Source data -

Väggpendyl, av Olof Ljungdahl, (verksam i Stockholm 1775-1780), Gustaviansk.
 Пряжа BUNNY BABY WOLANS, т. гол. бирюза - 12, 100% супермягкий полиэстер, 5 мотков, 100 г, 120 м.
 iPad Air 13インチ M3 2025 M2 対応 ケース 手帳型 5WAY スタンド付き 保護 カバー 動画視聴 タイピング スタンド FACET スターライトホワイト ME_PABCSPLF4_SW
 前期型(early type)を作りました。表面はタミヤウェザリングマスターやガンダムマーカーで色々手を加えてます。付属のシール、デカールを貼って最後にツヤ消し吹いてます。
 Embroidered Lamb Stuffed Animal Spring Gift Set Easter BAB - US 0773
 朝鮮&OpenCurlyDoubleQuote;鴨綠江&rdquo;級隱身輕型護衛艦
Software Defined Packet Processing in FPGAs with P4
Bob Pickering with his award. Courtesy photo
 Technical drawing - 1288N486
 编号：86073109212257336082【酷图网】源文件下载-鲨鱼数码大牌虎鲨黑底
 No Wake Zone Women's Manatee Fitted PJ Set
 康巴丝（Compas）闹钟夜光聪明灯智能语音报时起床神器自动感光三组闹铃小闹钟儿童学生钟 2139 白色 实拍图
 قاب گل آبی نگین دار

Work item - Working from the entries above, filter out every line that lacks "with" and copy what remains.

Task output -
Software Defined Packet Processing in FPGAs with P4
Bob Pickering with his award. Courtesy photo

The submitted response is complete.